Every line of the listing below from the one with "Duncan BLK One" up to and including the one with "Uni Baby saç" should be retyped exactly, and nothing else; pictures are not part of the copy.

::: RECORD EXCERPTS :::

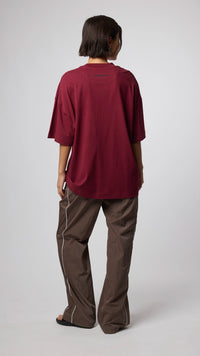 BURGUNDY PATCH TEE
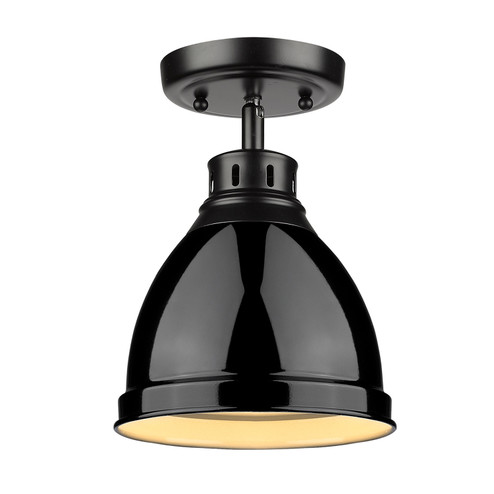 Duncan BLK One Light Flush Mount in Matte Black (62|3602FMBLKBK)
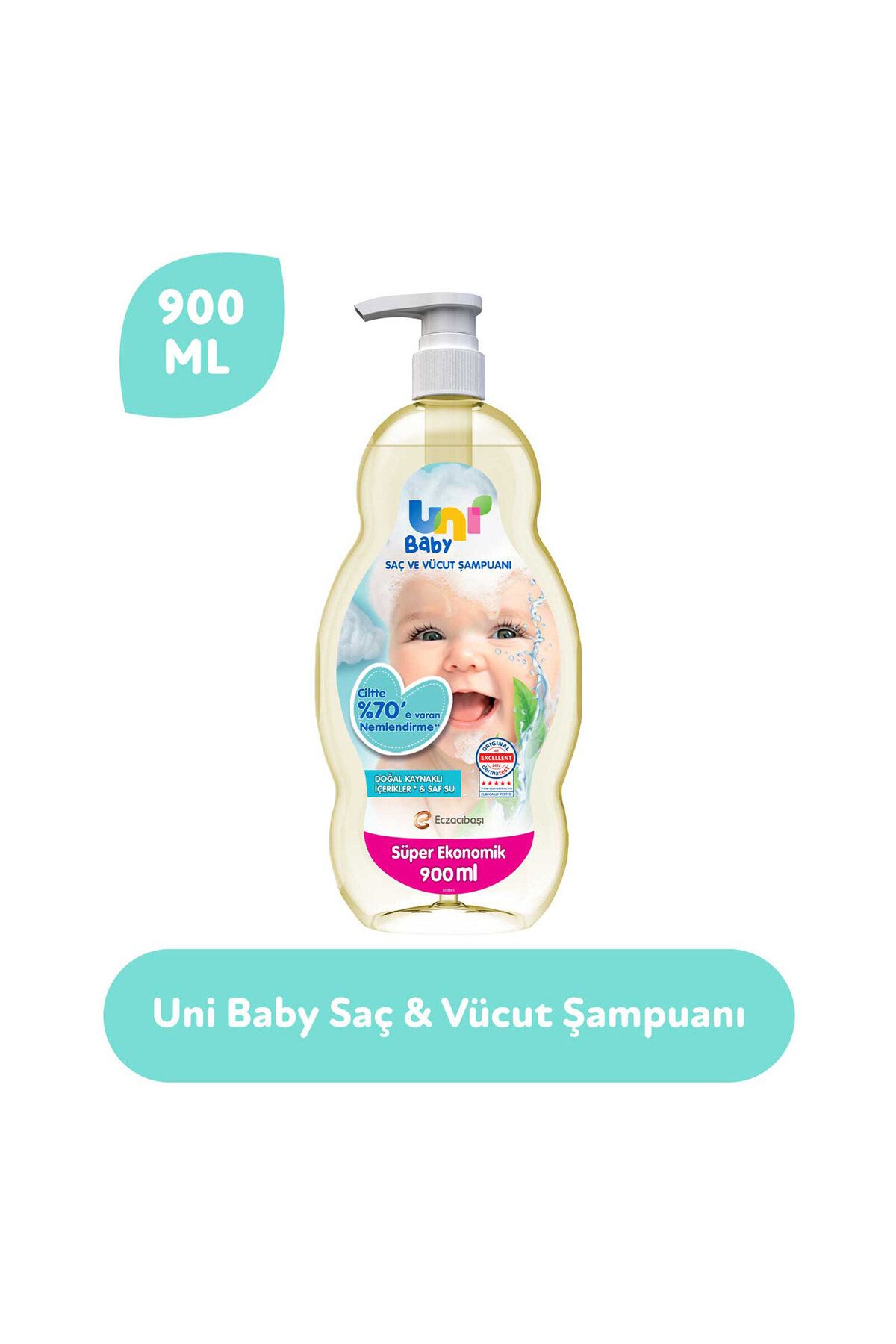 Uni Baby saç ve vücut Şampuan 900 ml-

:::
::: RECORD EXCERPTS :::

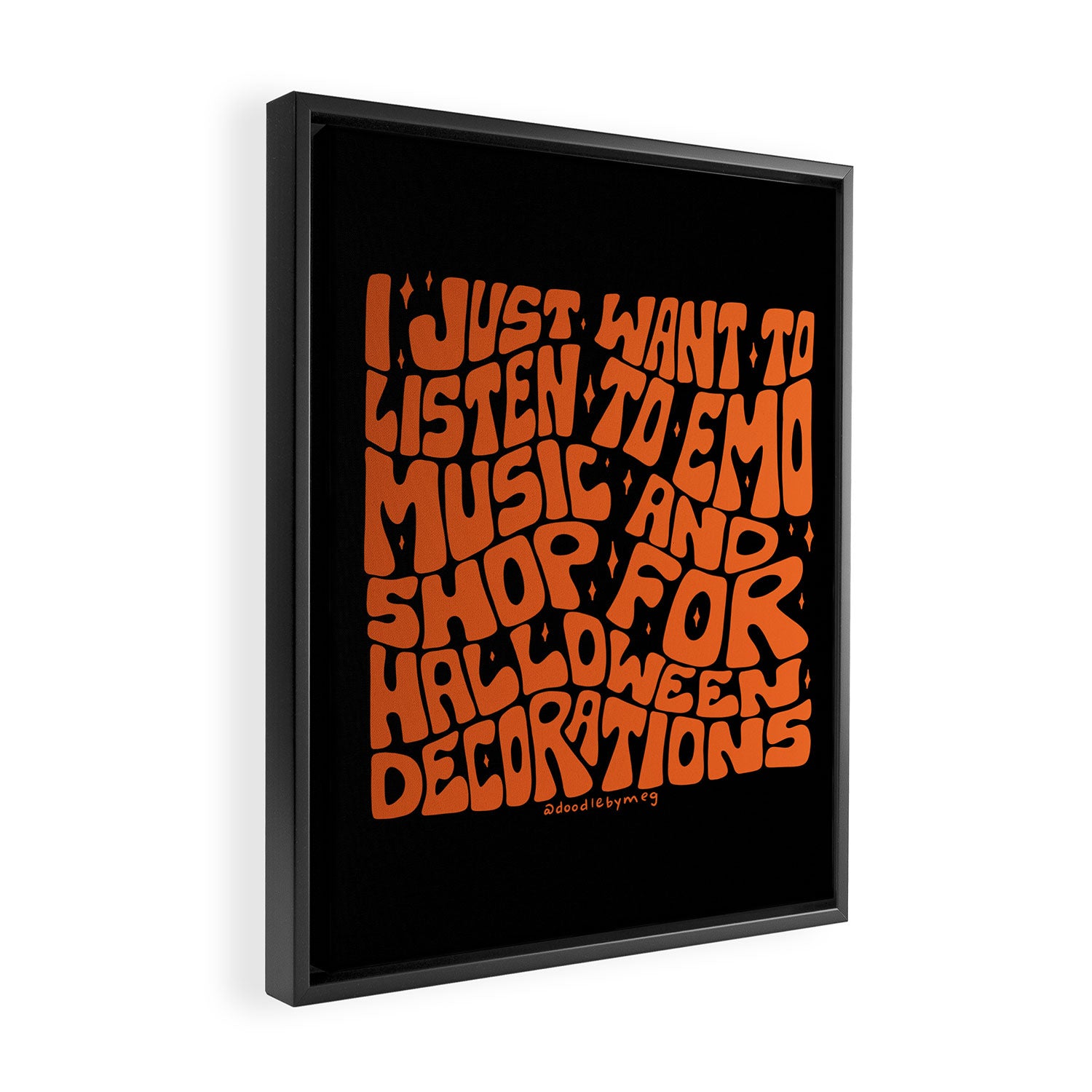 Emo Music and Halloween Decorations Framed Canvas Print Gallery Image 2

:::
::: RECORD EXCERPTS :::

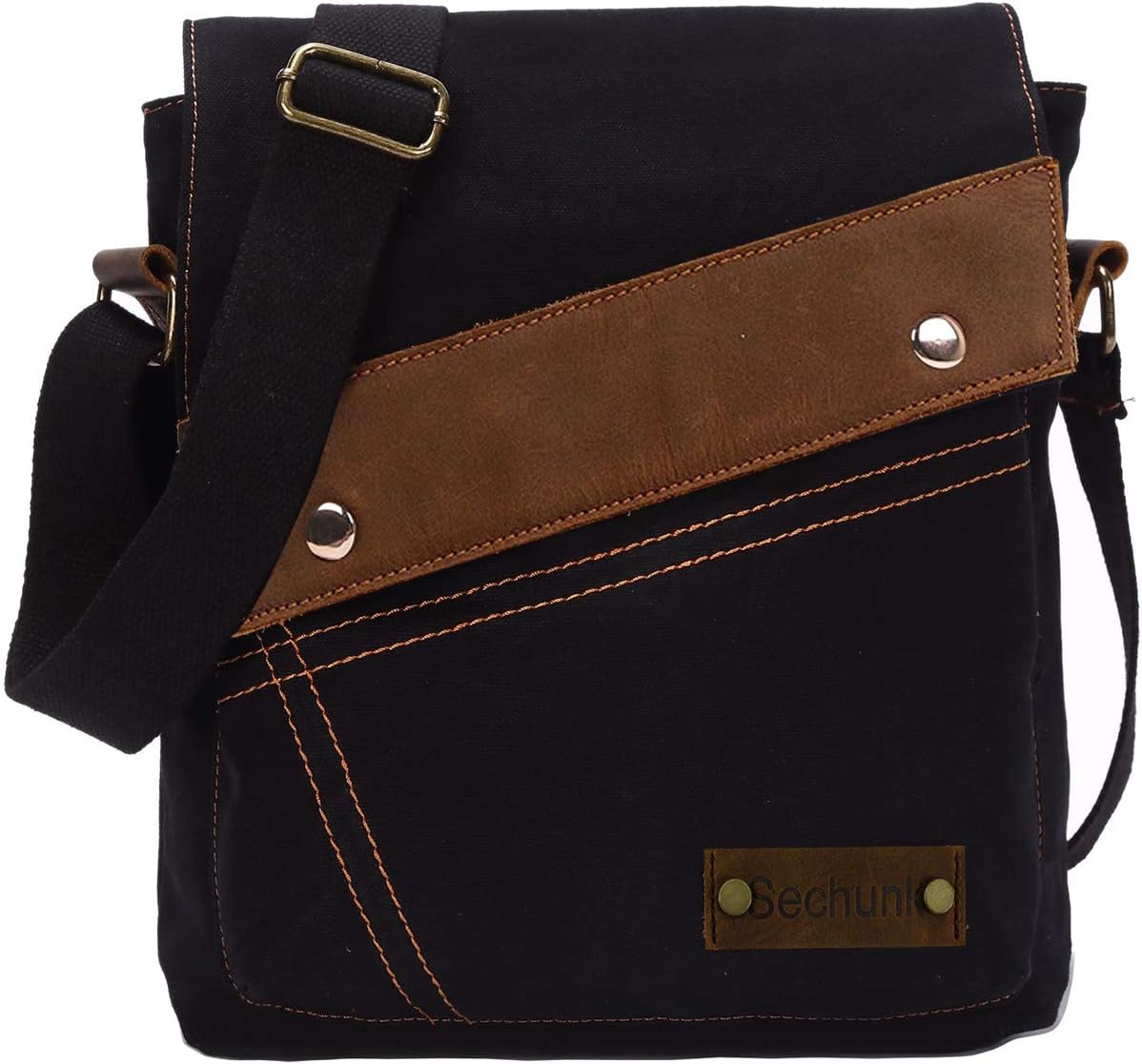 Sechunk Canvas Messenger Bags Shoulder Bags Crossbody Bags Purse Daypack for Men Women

:::

* _WRITTEN REPLY_
 Duncan BLK One Light Flush Mount in Matte Black (62|3602FMBLKBK)
 Uni Baby saç ve vücut Şampuan 900 ml-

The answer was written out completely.